(RxWiki News) People with severe rheumatoid arthritis (RA) can be depressed about their health situation and anxious about what lies ahead. A new study looked at just how many people with RA were depressed.
The number of people with RA who were depressed was higher than previously thought, this new study found.
Because of these findings, the study's researchers believe that people living with RA should routinely be screened for depression.
"If you’ve lost energy to pursue your interests, talk to your doctor."
This study, led by Anne Barton, PhD, FRCP, a researcher at the Arthritis Research UK Centre for Genetics and Genomics at the University of Manchester in the UK, sought to learn how psychological factors impact each of the different parts of the measure of RA activity called the DAS28.
Rheumatoid arthritis is a serious condition in which inflammation affecting the joints and body's internal organs leads to ongoing (chronic) pain and fatigue.
"Chronic pain and fatigue, especially in severe situations, will often contribute to a depletion of basic functioning skills (sleeping and eating within the normative range) for an individual, which is the foundation for mental wellness for any person," said Daniel Berarducci, MA, a Clinical Professional Counselor at Person-Holistic Innovations in Las Vegas, Nevada.
"After prolonged exposure to such chronic pain and fatigue for an individual who may be experiencing a significant medical condition, such as rheumatoid arthritis, these combined effects of pain, fatigue, and potentially a lack of sleep and healthy nutrition will not allow the body to engage in its fullest potential of restorative/regenerative healing that the body needs on a daily basis," Berarducci told dailyRx News.
"Thereafter, through the mind-to-muscle connections of the body, one will potentially become prone to or more susceptible to mental health concerns (depression and anxiety) through these continued effects of imbalanced biological functioning," said Berarducci, who was not involved in this study.
RA severity is measured by the DAS28 — an instrument that measures the number of tender and swollen joints and the level of inflammation in the body. The DAS28 also includes a patient’s self-reported well-being. The DAS28 combines scores from these three areas – swollen/tender joints, a biological marker of inflammation and a visual analogue score (VAS) a subjective view of the patient’s overall well-being.
According to Dr. Barton and her team, anxiety and depression in RA patients are common (28-44 percent) and much higher than in the general population (6.6 percent).
To measure the impact of psychological factors on RA severity, these researchers worked with 322 patients recruited from the Biologics in Rheumatoid Arthritis Genetics and Genomics Study Syndicate (BRAGGSS), which evaluated predictors of response to biologic medications.
All of the study participants were experiencing severe RA symptoms and were about to begin treatment with anti-TNF therapy (TNF is a protein that causes inflammation) or biological therapies, including one of the following:
- Humira (adalimumab)
- Remicade (infliximab)
- Cimzia (certolizumab)
- Simponi (golimumab)
- Enbrel (etanercept)
The patients completed three questionnaires regarding their perceptions and beliefs about their illness and its treatment along with a survey that measured anxiety and depression.
Nearly all of the participants (316) scored a median of 8 for anxiety and 7 for depression with higher being worse.

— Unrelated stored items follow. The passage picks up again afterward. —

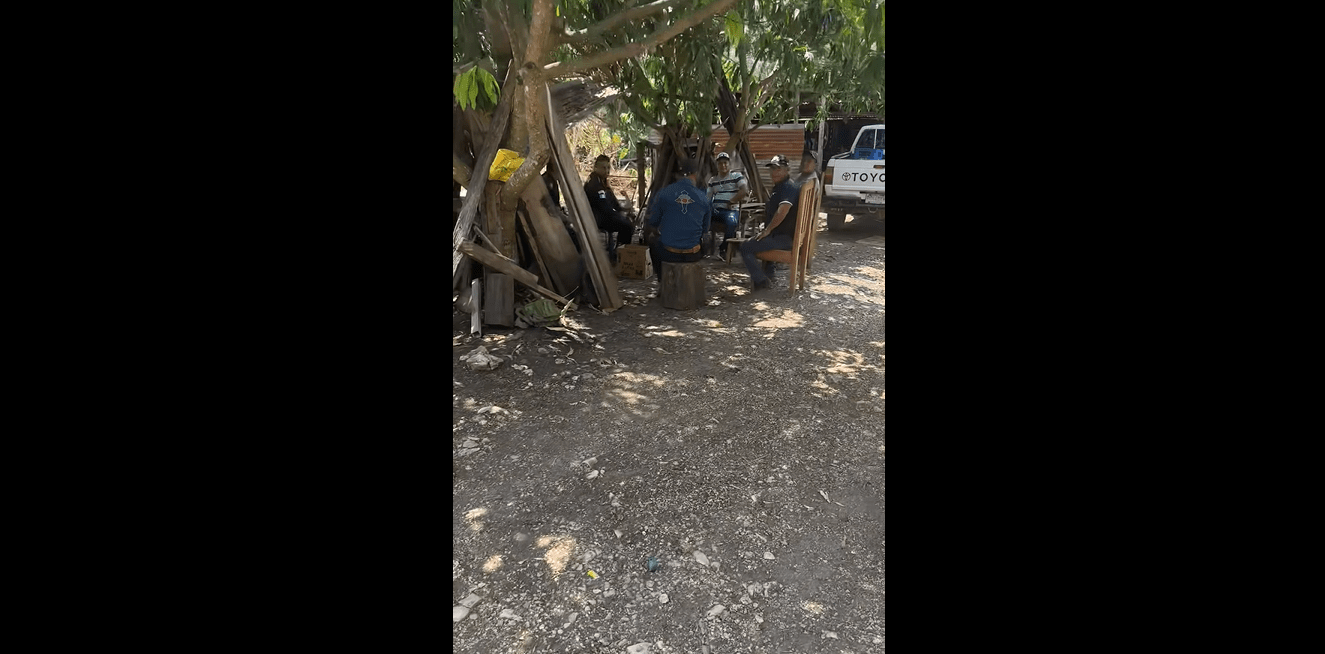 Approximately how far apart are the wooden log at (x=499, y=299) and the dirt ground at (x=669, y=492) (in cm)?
13

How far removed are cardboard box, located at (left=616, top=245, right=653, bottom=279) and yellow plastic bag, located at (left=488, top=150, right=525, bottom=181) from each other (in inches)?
98.8

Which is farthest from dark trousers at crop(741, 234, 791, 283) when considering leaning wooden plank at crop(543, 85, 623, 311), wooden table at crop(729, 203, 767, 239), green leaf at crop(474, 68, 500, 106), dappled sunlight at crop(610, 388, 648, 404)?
green leaf at crop(474, 68, 500, 106)

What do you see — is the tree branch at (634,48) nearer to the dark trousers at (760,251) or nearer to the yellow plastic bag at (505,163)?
the yellow plastic bag at (505,163)

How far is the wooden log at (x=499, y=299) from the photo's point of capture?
632 centimetres

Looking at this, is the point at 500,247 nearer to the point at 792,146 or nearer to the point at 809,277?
the point at 809,277

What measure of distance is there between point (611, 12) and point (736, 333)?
2.85m

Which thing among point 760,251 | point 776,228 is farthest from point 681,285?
point 776,228

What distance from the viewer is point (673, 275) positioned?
740 cm

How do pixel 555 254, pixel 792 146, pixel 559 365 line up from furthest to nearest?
pixel 792 146 < pixel 555 254 < pixel 559 365

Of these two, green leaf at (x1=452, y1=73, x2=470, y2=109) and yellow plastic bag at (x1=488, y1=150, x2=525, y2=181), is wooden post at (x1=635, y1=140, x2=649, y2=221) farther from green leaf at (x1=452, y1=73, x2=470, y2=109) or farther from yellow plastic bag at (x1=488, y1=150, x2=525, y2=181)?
green leaf at (x1=452, y1=73, x2=470, y2=109)

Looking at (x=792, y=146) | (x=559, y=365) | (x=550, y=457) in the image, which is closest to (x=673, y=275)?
(x=559, y=365)

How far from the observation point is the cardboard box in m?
8.80

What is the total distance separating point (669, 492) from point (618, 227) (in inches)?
253

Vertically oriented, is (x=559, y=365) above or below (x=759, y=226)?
below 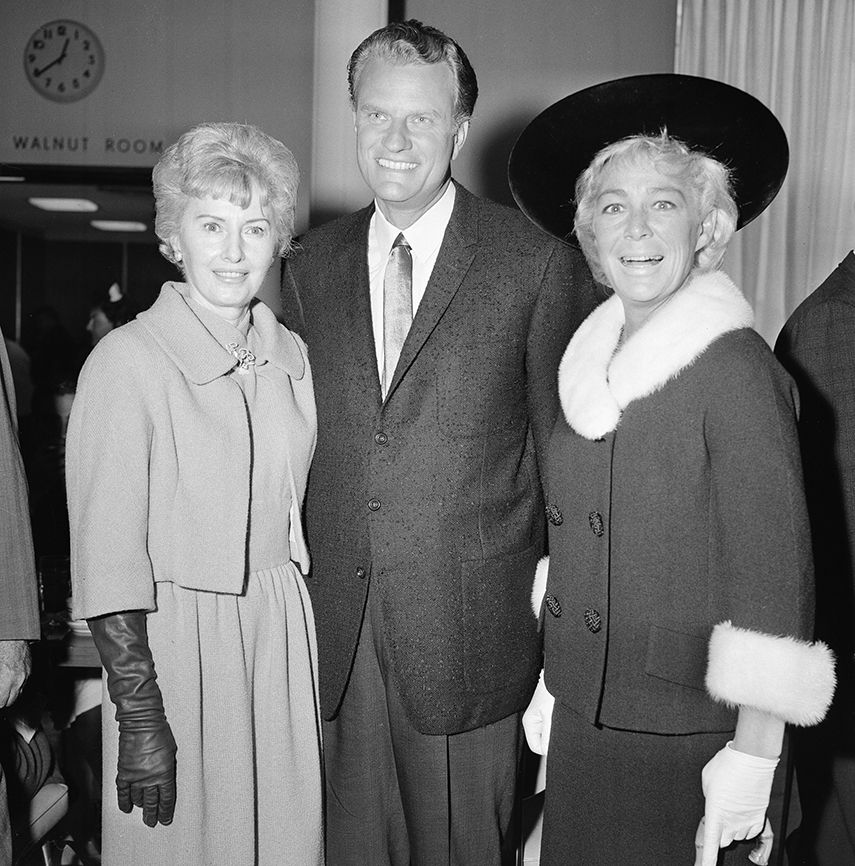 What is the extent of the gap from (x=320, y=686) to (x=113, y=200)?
533 centimetres

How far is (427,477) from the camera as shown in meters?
1.82

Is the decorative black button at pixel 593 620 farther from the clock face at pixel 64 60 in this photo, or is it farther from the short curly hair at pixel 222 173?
the clock face at pixel 64 60

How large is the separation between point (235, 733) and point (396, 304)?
0.86 meters

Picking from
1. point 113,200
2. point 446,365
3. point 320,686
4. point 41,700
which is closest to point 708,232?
point 446,365

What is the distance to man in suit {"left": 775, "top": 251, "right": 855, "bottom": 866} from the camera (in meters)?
2.02

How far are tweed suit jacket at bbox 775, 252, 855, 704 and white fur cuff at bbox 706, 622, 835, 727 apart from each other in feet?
2.17

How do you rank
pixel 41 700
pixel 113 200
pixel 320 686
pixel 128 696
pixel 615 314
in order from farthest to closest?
pixel 113 200, pixel 41 700, pixel 320 686, pixel 615 314, pixel 128 696

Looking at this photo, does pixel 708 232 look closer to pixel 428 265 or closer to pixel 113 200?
pixel 428 265

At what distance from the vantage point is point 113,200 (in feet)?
21.1

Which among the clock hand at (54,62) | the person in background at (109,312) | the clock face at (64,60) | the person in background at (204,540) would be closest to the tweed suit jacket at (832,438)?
the person in background at (204,540)

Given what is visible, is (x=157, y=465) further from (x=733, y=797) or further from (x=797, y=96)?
(x=797, y=96)

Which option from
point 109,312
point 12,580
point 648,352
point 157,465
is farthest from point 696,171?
point 109,312

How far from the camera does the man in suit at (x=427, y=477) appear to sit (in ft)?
6.00

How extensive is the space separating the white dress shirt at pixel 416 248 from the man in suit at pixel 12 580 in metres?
0.69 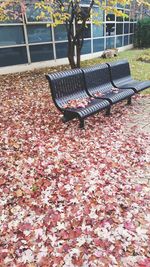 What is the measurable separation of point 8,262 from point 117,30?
16717 millimetres

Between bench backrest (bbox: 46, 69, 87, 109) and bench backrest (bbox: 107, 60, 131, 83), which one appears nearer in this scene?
bench backrest (bbox: 46, 69, 87, 109)

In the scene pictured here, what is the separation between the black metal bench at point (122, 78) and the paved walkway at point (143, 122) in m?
0.43

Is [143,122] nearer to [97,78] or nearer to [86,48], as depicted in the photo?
[97,78]

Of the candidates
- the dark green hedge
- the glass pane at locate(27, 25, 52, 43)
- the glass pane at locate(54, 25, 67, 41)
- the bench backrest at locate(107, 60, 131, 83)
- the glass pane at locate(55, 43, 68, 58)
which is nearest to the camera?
the bench backrest at locate(107, 60, 131, 83)

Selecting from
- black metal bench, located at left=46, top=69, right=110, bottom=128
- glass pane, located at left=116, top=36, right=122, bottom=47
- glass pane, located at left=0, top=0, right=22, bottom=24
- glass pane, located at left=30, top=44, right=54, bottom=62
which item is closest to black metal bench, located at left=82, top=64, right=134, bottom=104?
black metal bench, located at left=46, top=69, right=110, bottom=128

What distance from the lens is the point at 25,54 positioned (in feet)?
34.3

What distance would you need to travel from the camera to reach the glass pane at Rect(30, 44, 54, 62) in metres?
10.8

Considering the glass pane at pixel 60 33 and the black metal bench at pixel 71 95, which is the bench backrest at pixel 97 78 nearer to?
the black metal bench at pixel 71 95

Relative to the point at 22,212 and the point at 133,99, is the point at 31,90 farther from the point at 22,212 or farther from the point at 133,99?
the point at 22,212

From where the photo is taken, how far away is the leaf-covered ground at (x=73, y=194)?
2.37 m

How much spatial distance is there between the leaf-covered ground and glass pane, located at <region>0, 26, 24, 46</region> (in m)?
5.46

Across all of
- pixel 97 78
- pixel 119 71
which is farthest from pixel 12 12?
pixel 97 78

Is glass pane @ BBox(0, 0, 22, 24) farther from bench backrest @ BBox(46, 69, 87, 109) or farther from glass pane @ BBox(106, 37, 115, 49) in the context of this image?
glass pane @ BBox(106, 37, 115, 49)

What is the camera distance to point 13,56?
10.1 metres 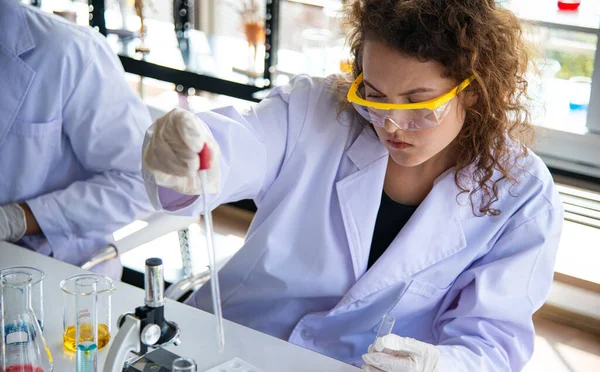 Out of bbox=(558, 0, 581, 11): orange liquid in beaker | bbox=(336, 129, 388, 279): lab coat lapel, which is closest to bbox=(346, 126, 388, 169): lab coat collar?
bbox=(336, 129, 388, 279): lab coat lapel

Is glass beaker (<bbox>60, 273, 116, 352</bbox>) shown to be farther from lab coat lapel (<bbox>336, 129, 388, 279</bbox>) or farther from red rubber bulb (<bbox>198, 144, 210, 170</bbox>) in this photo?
lab coat lapel (<bbox>336, 129, 388, 279</bbox>)

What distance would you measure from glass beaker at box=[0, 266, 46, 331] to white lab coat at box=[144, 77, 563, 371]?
1.37ft

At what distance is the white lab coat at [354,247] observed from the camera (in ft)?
5.35

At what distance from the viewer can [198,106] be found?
3.89m

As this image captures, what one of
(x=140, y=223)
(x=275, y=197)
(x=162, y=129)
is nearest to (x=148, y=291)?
(x=162, y=129)

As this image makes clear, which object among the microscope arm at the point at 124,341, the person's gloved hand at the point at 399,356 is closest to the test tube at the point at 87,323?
the microscope arm at the point at 124,341

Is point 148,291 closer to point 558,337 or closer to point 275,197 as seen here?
point 275,197

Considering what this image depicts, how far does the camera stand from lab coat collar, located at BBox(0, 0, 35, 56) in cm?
194

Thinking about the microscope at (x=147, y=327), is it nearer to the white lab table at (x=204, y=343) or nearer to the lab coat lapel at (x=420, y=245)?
the white lab table at (x=204, y=343)

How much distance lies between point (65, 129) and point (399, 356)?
1152 millimetres

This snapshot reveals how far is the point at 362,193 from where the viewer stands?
1.73 m

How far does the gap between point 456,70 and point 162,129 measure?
641 millimetres

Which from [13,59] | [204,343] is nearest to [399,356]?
[204,343]

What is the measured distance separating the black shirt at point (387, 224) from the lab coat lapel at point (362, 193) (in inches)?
1.5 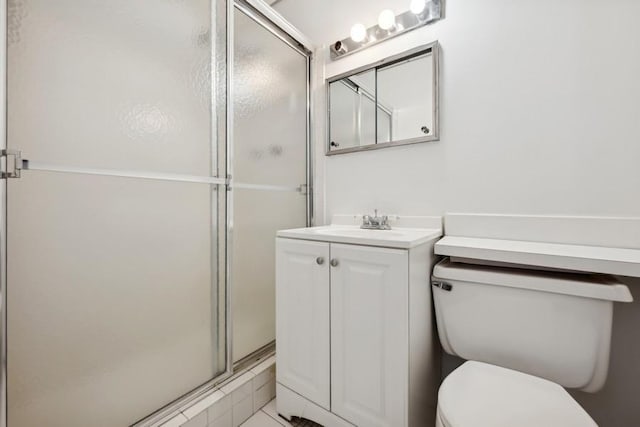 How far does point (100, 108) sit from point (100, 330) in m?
0.76

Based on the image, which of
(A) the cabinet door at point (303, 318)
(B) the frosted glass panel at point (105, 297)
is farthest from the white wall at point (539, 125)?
(B) the frosted glass panel at point (105, 297)

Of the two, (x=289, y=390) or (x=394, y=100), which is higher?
(x=394, y=100)

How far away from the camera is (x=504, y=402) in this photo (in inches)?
28.3

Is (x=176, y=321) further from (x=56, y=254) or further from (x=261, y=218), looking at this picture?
(x=261, y=218)

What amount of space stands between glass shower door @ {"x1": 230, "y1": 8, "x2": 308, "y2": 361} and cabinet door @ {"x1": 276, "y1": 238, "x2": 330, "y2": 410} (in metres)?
0.28

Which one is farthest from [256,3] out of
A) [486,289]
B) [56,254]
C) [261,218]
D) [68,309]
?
[486,289]

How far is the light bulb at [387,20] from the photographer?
4.56ft

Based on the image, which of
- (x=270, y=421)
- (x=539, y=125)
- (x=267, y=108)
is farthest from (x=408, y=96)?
(x=270, y=421)

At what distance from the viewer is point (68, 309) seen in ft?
2.87

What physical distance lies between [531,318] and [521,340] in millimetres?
84

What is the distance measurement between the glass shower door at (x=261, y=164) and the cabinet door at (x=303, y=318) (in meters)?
0.28

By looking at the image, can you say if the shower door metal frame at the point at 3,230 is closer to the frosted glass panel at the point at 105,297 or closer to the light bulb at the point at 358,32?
the frosted glass panel at the point at 105,297

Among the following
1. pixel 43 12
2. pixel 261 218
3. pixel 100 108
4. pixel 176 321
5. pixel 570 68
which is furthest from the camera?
pixel 261 218

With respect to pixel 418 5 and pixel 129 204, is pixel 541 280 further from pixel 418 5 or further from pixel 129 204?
pixel 129 204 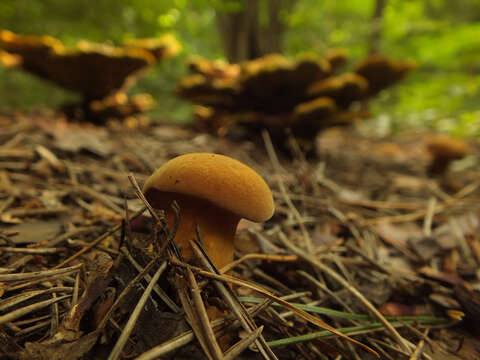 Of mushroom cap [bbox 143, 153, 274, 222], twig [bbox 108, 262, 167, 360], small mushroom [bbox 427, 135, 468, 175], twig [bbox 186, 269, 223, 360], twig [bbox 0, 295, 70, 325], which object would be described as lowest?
small mushroom [bbox 427, 135, 468, 175]

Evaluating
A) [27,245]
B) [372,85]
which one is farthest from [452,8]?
[27,245]

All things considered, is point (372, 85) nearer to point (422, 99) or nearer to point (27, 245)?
point (422, 99)

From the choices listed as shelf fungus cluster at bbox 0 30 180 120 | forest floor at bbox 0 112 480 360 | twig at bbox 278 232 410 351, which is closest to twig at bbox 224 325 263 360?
forest floor at bbox 0 112 480 360

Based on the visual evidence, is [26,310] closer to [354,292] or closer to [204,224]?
[204,224]

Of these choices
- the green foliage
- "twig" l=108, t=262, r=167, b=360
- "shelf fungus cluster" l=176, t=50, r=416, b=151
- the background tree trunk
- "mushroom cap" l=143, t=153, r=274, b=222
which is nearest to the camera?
"twig" l=108, t=262, r=167, b=360

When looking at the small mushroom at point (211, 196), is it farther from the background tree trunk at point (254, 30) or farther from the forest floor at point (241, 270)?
the background tree trunk at point (254, 30)

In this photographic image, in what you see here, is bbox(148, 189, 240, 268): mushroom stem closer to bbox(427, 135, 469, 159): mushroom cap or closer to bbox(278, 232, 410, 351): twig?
bbox(278, 232, 410, 351): twig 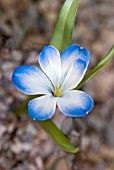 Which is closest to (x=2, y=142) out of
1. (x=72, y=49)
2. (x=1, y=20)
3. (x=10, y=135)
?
(x=10, y=135)

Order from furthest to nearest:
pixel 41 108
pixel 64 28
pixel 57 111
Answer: pixel 57 111 → pixel 64 28 → pixel 41 108

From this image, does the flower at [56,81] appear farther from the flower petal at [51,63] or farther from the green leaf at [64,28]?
the green leaf at [64,28]

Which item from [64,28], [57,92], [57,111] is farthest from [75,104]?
[57,111]

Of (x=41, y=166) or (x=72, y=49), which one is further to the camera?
(x=41, y=166)

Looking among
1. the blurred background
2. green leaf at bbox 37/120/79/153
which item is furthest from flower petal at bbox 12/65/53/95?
the blurred background

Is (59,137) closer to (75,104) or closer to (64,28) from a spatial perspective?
(75,104)

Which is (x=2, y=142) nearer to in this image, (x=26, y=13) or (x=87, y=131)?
(x=87, y=131)

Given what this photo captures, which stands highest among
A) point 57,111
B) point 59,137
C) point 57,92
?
point 57,92

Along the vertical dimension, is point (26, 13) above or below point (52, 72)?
below
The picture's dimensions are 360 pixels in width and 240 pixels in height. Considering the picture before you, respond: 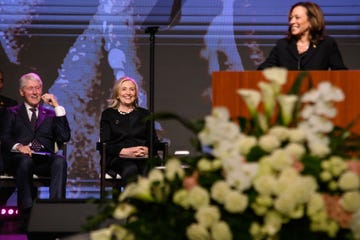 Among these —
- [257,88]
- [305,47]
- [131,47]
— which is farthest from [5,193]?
[257,88]

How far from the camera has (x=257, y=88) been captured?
9.37 feet

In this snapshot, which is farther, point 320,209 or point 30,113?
point 30,113

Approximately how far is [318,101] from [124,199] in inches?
12.8

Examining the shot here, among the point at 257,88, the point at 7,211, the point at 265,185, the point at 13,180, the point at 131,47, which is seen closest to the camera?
the point at 265,185

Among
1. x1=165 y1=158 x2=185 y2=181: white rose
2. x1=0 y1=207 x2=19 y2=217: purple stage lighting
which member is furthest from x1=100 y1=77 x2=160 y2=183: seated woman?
x1=165 y1=158 x2=185 y2=181: white rose

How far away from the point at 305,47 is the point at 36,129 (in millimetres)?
2565

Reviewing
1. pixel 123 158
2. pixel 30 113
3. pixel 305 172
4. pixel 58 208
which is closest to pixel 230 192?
pixel 305 172

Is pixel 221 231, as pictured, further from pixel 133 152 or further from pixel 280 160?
pixel 133 152

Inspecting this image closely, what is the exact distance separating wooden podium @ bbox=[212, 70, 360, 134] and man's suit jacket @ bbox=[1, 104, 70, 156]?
289 centimetres

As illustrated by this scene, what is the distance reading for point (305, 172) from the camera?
3.65ft

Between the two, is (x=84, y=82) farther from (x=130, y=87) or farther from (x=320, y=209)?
(x=320, y=209)

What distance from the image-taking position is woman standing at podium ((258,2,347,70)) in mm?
3697

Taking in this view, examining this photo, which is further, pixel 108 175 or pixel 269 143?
pixel 108 175

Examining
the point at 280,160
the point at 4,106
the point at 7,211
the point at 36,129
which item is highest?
the point at 280,160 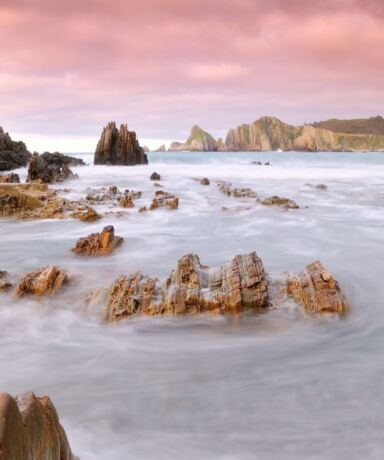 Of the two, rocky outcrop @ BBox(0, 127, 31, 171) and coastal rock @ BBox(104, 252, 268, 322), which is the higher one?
rocky outcrop @ BBox(0, 127, 31, 171)

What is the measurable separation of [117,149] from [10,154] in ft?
74.3

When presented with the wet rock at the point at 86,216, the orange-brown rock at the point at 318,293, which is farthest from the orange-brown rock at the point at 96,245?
the orange-brown rock at the point at 318,293

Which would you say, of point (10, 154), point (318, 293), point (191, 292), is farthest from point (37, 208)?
point (10, 154)

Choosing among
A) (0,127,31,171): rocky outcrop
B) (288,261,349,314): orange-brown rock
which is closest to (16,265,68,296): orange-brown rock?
(288,261,349,314): orange-brown rock

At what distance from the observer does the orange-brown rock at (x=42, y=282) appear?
4.67 m

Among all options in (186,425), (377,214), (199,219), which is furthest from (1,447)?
(377,214)

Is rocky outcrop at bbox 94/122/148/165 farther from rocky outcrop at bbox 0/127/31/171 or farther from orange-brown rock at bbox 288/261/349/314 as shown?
orange-brown rock at bbox 288/261/349/314

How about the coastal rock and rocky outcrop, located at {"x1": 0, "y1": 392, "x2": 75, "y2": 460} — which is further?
the coastal rock

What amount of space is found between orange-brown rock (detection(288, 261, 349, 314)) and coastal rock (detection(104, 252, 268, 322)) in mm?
460

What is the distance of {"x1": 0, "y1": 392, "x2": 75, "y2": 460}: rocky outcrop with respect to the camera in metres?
1.20

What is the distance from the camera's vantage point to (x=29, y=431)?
1.39 metres

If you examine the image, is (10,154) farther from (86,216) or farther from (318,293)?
(318,293)

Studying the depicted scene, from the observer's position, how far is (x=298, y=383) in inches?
121

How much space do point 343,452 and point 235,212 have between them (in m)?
9.66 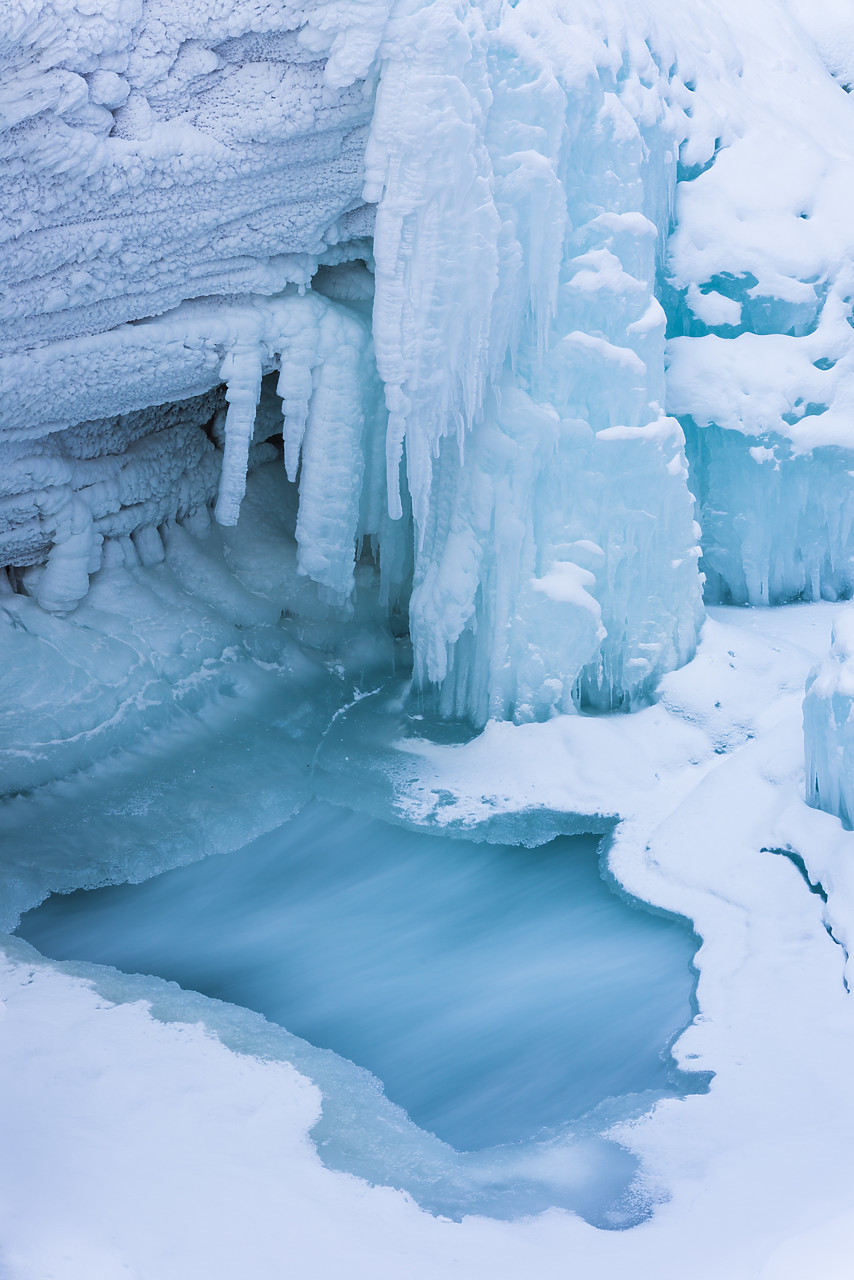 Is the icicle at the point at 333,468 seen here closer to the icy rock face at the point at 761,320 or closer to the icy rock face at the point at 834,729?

“One of the subjective components of the DAS28, patient VAS, was highly correlated with cognitive factors and depression in those with severe RA. By reporting individual DAS28 components, clinicians may be better able to assess the impact of therapies on each component, adjusting approaches according to patients’ needs,” the authors concluded.
“This may seem obvious but has not been reported before and is important because without treating the depression, the patient’s DAS28 score might not improve as much as it should on a biological drug, and doctors may assume the drug is ineffective,” said Lis Cordingley, PhD, a health psychologist who was the paper's lead author.
“The high levels of anxiety and depression found in this sample may indicate that screening for these factors for patients with severe disease should be routine. This is particularly important given that psychological distress in people with RA independently predicts discontinuation of anti-TNF therapy and even mortality but, without active screening, depression may be missed,” the researchers wrote.
Dr. Barton said in a statement, “This is the first study of its kind in patients with high levels of active disease, and suggests that routinely assessing a patient's moods and beliefs — separate to their physical state — would be useful in guiding patient management. As rheumatologists we need to be aware that depression may occur more commonly in patients with severe rheumatoid arthritis than we had realized."
These findings were published in a recent issue of the journal Arthritis Care & Research.
Arthritis Research UK supported this research.